Looking at the market structure in China and Hong Kong, Walsh acknowledges that the experience of the United States has its limits as a model for Asia. For example, she notes most Chinese retail investors chase IPOs, while new issues are the exclusive purview of brokers and institutional investors in the US. This creates a different mindset.
But she says there is a correlation to the US experience in that both Chinese and Hong Kong regulators are eager to foster long-term investment, and ensure people understand the products they buy. And the best way to do that, she says, is to make more information available and ensure people know how to use it. "The crux of that is clear, concise disclosure from companies, fund managers and brokers," she says.
The development of a relatively informed investor culture in the United States began in the 1970s with the rise of mutual funds and later the shift from defined benefit to defined contribution retirement schemes. Walsh says it is a myth that most Americans had a DB pension plan and are now worse off; "More people today have a retirement plan through work than ever before," she says.
A big driver behind all of that was tax changes that included the 401(k) provision in the 1974 Employee Retirement Income Security Act. In the early days of DC, the late 1970s and 1980s, many workers still lacked much choice in how their retirement money was invested. But their exposure led to pressure to invest more, and the 1990s solidified the investment culture. Walsh says that the past three years of miserable markets may have made people frightened, but the investment culture remains; even today, the mutual fund industry has more assets than commercial bank deposits. "Most Americans look to the capital market, not banks, for retirement savings," she says.
Recent legislation, particularly the Sarbanes-Oxley Act, has been an important step toward restoring investor confidence and shoring up that investment culture. By federalizing corporate governance (i.e. now issues such as independent boards of directors are federal rules, not just left to the patchwork of state regulation), Congress has built on the SEC's ongoing investor education and disclosure work.
One important thrust of Walsh's job is to ensure disclosure is in plain English. The SEC's efforts have been deemed successful enough to make this now the model for the rest of the federal bureaucracy. "We get companies to disclose critical information in plain language. This doesn't mean dumbing down the content, but making it precise and clear," she says.

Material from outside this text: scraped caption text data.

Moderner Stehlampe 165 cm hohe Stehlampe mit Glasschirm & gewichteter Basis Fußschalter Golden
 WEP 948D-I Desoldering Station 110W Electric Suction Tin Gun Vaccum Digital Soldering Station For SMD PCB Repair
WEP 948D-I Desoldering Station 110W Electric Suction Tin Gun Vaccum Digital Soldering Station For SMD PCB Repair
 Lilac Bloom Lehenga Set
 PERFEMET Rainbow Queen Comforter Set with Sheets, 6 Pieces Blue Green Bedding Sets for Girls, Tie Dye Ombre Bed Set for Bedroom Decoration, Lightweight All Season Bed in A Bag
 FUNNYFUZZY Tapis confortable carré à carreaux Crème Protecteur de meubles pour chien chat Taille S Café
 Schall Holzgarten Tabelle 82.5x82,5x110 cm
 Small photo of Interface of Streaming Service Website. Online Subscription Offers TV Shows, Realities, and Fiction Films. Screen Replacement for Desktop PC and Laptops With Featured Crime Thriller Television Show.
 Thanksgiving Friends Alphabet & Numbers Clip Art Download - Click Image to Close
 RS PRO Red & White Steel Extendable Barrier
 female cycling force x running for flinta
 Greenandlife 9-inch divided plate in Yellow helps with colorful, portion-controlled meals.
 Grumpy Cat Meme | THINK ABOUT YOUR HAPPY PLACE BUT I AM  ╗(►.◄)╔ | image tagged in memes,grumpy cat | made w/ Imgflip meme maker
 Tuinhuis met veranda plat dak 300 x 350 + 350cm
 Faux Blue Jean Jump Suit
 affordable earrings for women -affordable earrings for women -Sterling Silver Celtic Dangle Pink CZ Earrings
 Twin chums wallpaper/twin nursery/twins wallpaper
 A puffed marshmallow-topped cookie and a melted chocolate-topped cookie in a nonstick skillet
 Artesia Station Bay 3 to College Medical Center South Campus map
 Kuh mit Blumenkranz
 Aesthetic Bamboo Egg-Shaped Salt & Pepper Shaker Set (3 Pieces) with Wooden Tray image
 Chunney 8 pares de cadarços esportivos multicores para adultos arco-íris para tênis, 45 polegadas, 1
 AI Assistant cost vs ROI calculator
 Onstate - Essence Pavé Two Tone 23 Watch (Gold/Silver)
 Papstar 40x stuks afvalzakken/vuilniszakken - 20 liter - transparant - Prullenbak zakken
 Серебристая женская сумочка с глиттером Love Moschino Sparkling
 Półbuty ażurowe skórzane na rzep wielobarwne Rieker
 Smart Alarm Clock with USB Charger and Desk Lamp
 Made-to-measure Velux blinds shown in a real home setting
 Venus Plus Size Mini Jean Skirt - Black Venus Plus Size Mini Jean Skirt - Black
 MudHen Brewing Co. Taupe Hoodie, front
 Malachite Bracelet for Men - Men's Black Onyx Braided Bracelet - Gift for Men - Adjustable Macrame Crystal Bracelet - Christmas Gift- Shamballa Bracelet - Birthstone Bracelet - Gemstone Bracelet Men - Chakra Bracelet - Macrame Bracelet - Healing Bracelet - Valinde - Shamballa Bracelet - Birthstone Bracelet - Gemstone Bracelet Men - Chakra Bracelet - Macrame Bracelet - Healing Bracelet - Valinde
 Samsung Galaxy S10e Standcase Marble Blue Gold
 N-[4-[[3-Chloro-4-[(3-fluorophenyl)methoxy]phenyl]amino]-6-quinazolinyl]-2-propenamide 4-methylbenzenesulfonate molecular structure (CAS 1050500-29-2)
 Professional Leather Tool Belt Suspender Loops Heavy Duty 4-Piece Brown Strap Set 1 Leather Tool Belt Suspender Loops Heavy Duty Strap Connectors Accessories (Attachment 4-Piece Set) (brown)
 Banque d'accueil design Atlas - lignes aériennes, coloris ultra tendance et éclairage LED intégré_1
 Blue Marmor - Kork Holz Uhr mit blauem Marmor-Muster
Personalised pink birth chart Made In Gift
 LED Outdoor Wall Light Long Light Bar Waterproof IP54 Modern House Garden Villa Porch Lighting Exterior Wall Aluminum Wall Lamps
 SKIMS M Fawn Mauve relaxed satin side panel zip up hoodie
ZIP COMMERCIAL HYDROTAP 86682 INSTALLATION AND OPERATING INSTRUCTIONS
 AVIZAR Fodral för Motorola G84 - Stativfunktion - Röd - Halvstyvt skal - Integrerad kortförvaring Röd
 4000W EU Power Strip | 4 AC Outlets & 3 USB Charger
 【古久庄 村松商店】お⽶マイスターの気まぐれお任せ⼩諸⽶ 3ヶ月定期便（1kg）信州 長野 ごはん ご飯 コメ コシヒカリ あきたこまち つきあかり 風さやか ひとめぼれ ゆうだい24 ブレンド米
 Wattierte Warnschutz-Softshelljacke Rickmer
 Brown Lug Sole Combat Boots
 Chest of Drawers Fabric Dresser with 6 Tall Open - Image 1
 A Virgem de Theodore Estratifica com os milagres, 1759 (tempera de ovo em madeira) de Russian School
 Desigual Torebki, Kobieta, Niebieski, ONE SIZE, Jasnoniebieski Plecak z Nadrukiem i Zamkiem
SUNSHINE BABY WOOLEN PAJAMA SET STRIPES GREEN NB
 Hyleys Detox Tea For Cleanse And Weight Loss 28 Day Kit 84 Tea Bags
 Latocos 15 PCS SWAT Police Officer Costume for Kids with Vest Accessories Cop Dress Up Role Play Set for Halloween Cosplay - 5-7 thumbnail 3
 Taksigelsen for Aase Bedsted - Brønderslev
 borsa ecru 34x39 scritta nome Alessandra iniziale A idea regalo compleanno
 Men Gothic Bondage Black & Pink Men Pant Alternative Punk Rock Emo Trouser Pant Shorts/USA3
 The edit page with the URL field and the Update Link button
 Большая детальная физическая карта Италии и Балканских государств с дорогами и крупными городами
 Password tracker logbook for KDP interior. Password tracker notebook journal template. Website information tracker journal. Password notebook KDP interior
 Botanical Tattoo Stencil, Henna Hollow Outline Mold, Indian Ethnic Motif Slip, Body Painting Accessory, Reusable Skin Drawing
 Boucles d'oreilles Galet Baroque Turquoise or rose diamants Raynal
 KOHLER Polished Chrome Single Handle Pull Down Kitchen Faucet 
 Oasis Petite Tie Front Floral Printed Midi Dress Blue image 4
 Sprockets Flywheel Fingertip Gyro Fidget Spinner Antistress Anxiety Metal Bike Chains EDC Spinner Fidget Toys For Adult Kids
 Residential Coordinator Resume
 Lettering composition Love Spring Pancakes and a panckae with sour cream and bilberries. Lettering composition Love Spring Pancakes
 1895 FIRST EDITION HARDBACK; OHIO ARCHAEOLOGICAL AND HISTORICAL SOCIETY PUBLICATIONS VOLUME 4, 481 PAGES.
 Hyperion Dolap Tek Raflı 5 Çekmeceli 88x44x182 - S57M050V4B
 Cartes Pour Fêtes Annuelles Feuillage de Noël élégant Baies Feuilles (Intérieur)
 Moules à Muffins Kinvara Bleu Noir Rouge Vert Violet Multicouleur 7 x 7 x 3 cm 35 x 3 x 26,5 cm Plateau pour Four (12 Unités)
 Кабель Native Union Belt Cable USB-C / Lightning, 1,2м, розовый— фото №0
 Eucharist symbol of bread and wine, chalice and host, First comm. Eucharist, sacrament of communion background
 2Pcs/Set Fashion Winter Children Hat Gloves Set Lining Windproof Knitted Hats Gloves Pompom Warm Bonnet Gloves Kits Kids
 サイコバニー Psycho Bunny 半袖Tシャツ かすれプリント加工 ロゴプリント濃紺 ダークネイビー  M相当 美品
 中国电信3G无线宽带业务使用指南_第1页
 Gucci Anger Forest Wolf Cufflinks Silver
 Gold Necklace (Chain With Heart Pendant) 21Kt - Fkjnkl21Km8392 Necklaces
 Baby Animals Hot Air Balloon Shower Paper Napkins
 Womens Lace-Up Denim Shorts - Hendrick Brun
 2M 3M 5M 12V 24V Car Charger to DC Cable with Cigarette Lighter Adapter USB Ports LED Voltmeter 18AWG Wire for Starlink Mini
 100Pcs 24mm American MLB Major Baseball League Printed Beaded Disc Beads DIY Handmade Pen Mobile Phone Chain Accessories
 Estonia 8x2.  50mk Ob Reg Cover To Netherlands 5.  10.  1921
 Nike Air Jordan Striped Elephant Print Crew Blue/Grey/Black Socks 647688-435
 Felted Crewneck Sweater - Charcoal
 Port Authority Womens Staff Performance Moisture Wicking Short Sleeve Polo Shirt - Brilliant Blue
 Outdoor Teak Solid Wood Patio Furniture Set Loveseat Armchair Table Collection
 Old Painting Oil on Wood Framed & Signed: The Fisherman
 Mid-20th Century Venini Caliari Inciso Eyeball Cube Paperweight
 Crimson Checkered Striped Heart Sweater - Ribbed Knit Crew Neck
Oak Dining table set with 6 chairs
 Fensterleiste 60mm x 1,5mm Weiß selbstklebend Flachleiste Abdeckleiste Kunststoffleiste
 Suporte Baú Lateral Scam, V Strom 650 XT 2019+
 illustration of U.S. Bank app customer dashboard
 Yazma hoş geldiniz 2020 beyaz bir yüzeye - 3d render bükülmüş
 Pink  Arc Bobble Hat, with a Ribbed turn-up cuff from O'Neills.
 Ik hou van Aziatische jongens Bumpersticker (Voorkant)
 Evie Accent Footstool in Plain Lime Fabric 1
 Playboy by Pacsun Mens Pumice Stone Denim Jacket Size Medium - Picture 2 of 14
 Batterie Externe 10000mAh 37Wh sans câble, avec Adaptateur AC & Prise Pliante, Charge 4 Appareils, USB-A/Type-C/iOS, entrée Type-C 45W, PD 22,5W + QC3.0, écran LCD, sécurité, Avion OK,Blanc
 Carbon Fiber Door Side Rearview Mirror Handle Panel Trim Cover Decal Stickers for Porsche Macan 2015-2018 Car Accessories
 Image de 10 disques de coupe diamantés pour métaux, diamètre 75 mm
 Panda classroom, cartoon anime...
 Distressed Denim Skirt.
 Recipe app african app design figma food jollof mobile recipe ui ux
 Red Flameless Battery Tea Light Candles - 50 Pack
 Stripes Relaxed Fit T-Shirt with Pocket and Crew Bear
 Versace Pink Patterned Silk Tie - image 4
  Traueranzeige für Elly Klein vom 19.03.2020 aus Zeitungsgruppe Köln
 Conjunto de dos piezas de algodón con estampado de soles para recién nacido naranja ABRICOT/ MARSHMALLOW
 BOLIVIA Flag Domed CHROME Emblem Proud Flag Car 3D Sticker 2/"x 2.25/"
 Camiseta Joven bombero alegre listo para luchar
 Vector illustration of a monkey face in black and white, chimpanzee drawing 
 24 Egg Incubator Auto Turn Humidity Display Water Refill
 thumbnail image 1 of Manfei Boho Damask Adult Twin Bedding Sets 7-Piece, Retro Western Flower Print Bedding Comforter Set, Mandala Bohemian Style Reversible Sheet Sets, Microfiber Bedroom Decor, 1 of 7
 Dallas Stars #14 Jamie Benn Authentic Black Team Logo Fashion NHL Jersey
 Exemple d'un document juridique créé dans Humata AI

While she acknowledges that CEOs sometimes twist this into legalese, to cover their backsides from a potential lawsuit rather than explain corporate strategy, she says Sarbanes-Oxley is designed to change the tone and make managers more responsible. She says SEC chairman William Donaldson preaches that this is a bellwether of good things for corporate America, not a threat to innovation.
Walsh isn't prepared to pass judgement on the family-dominated corporate scene prevalent in much of Asia. But she does say her talks with regulators here reveal a similar need for strong, accountable independent directors.
Throughout her visit she is networking with regulators in Asia about ways the SEC can lend a hand developing investor education and promoting clear corporate disclosure. For instance, she notes Hong Kong's Securities and Futures Commission is keen to use the internet for disseminating investor information. In the US, the World Wide Web is a key tool for investors; it is less so in China or Hong Kong, but becoming more common.
One idea the SFC may consider is setting up dummy scam sites. The SEC, aware that Americans are often sceptical of the government, created fake scam websites that, when clicked through, take people to a warning informing them they nearly lost their shirt. "The concept is that people won't turn to the SEC for information, so how do you reach these people? You don a disguise."